Case Study: Medium Enterprise Insurance Company achieves faster, centralized third-party risk management and compliance reporting with Prevalent

Medium Enterprise Insurance Company - Customer Case Study

Medium Enterprise Insurance Company faced mounting regulatory and cybersecurity pressures — needing to report against frameworks like GDPR, NIST 800-53, NYDFS and CCPA, strengthen third-party security, and reduce the operational burden of vendor assessments.
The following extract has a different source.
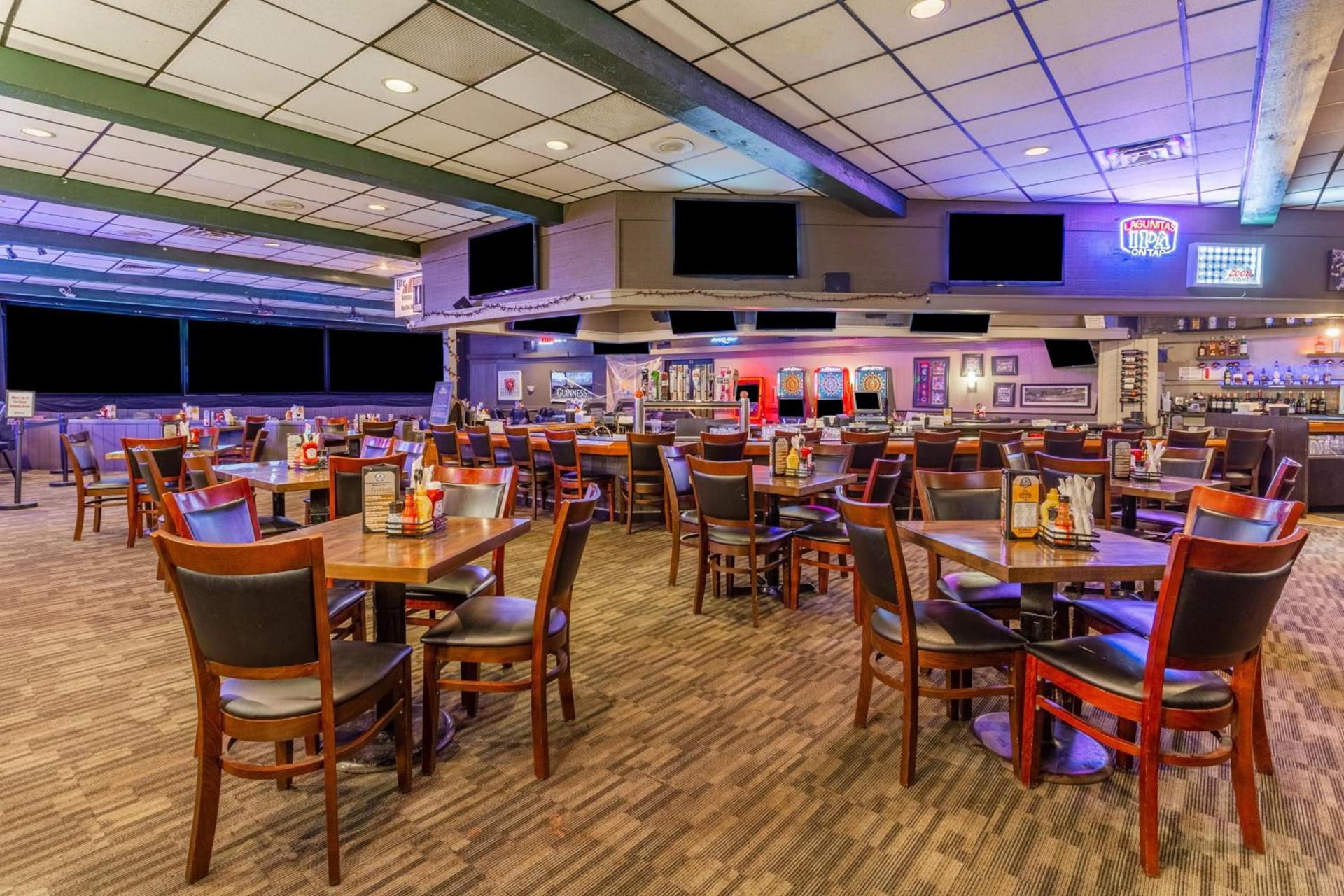 Holiday Inn Rockford I-90&Rt 20 State St by IHG photo 37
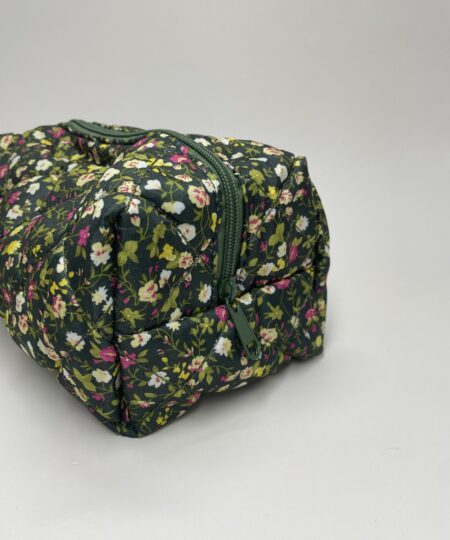 blomstret blomstret firkantet kosmetiktaske kosmetiktaske køb makeup taske online køb makeup taske online luksus kosmetik taske luksus kosmetik taske rejsetaske makeup rejsetaske organisering af makeup organisering af makeup plys plys rejsevenlig makeup taske rejsevenlig makeup taske sminkepung sminkepung tilbehør til makeup tilbehør til makeup udvalg af farver og størrelser udvalg af farver og størrelser toilet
After evaluating alternatives such as BitSight, OneTrust and RiskRecon, they selected Prevalent and deployed Prevalent’s third-party risk management solution to centralize TPRM functions, enable continuous monitoring, and streamline sharing of completed assessments and evidence.

Prevalent implemented an automated risk and compliance register, mapping capabilities to frameworks (ISO, NIST, GDPR, CoBiT 5, SSAE 18, SIG/SIG Lite, NYDFS) and a user dashboard for tasks, schedules and survey status. As a result, assessments now complete in 3–4 weeks, the company saved several days per assessment on average, and Prevalent’s differentiated capabilities helped the insurer centralize vendor risk, improve monitoring and plan to grow vendor assessments by more than 25% in the next year.